【古写真関連資料】写真師・小川一真と、コロタイプ印刷

コロタイプ印刷
◆コロタイプ
製版方法の一種で、平版の一種である。実用化された写真製版としては最も古いもので、かつては絵葉書やアルバム、複製などに広く使われたが、現在では特殊な目的以外では使われていない。ガラス板にゼラチンと感光液を塗布して加熱することによって版面に小じわ(レチキュレーション)を作る。それに写真ネガを密着して露光すると、光のあたった部分のゼラチンが硬化して水をはじくようになる。版面を湿らせると水を受けつける部分が膨張してインクがつかなくなるため、硬化した部分にだけインクが付着する。インク付着量の大小によって連続階調が表現され、オフセット印刷のような網点を持たないことを特徴とする。

欠点は印刷速度が遅いこと、耐刷力がないこと、複版する手段がないこと、多色刷りが難しいことなどで、このために現在ではほとんど行われていない。
コロタイプはフランスで生まれ、1876年にドイツのヨーゼフ・アルバート(ドイツ語版)によって実用化された。

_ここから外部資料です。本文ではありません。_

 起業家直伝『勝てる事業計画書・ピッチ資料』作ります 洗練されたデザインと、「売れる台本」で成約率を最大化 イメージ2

日本では小川一真が1883年にボストンで習得し、帰国後の1889年に新橋で最初のコロタイプ工場を開いた。日露戦争時にコロタイプと石版を組みあわせた絵葉書が大ブームになった。1897年には横浜のドイツ商館アーレンス商会出身の上田義三が欧米留学ののち、コロタイプ印刷業「横浜写真版印刷所(のち上田写真版合資会社)」を開業した。

便利堂(1887年創業、1905年からコロタイプ印刷を行う)の佐藤濱次郎は法隆寺金堂壁画の原寸撮影を1935年に行い、それを元にコロタイプによる複製を1938年に作った。1949年に壁画は焼損したが、のちにこのコロタイプ複製をもとにして再現された。

効率の悪さから現在はほとんど消えた技術になっている(社名に「コロタイプ」のつく印刷会社は各地にあるが、実際にはオフセット印刷しか行っていない)。しかし文化財の複製のためには重要であり、便利堂はカラーのコロタイプ印刷も行い、また2003年に「コロタイプの保存と印刷文化を考える会」を発足した。